She then moves to her early childhood and girlhood, and begins with who was burnt to death and the hard scrabble of existence on the edge of Derbyshire. What I loved best was how she exploded the myth of eternally green England to depict the realities of Cheshire, Derbyshire, Lancashire against the usual mythic overspeak. Now this is directed at just such people as me who sit and watch film adaptations built out of universalizing small sections of England seen from the road or very rich people's houses.

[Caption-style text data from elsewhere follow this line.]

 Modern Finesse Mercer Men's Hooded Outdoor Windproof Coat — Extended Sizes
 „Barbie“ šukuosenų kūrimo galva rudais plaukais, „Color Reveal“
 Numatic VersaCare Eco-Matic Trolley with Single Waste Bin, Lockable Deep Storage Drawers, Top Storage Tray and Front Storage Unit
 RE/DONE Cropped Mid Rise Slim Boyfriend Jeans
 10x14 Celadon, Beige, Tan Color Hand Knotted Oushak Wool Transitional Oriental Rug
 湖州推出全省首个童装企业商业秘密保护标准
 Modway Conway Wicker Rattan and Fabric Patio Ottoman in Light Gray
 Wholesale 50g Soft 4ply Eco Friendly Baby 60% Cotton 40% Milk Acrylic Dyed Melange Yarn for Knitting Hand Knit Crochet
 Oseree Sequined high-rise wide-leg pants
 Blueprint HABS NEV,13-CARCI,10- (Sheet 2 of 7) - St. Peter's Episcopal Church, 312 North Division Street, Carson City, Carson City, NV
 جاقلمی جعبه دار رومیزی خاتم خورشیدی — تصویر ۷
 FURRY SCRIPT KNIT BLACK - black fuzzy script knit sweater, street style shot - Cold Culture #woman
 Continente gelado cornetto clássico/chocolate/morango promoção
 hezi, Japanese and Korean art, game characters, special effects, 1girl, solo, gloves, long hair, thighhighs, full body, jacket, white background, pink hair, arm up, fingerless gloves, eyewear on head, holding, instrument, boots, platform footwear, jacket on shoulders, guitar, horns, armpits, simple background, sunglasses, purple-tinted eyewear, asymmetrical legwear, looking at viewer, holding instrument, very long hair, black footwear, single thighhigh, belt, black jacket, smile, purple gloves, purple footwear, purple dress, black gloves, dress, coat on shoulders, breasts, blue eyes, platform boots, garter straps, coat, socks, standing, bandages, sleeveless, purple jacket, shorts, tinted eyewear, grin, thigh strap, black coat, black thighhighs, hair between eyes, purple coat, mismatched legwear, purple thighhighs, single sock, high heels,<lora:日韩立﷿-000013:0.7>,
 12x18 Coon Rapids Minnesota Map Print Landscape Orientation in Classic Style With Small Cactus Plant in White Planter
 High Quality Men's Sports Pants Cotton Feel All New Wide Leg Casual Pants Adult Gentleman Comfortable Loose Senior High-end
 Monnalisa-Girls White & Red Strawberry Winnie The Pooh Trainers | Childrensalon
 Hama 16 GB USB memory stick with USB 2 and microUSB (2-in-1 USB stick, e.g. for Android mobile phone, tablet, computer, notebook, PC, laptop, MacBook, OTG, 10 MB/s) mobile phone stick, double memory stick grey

She hasn't worked as hard as she does on her essays -- which I think are among the most brilliant in the papers she writes in, especially on women's issues (like anorexia).  And probably not as hard as on her historical fiction (which I nonetheless can't read as they bore me no matter how much research she did and how much I'd learn about history the easy way supposedly). I've not read her novels set in our comtemporary world.

But I certainly recommend it if you are seeking a friend who tells you the truth about one woman's life brought up in the lower middle class of mid-lands England who was a reading girl and became a writing one.  To me that 's comfort and strengthening.

 Eventually the memoir becomes devastating in its depths of despair, longing and loss.  As I suspected, what we were driving towards was her experience of helpless obesity. Mantel spent many years where she had inexplicable pain; some of this was psychosomatic, but some was physiological and (it was thought by her doctors), the result of endometriosis (growths on the uterus is a layman's description).  So the solution was to remove her uterus. The result was that (like some eunuchs), she grew fat, and in her case, she kept getting fatter and fatter. She conveys the terror of not being able to stop this, no matter how little she ate, and the fear she would just blow up like a balloon. We see what it is not to be able to buy clothes that fit, and how others treat fat people so cruelly. It's not clear she has managed to control this expansion for good by the end of the book.

What I did want to say was she also conveys (as I've seen her do before, say in the LRB), that the way mentally troubled people, people with illness not susceptible to a physiological explanation (or causation) is as bad in the UK as it is in the US.  It's true that you are not fleeced to the nth degree in return for the hope of help.  Coercive behavioral therapy is as rife there as it is here. She was led to have a hysterectomy because no one could understand the myriad pains she had beyond endometriosis.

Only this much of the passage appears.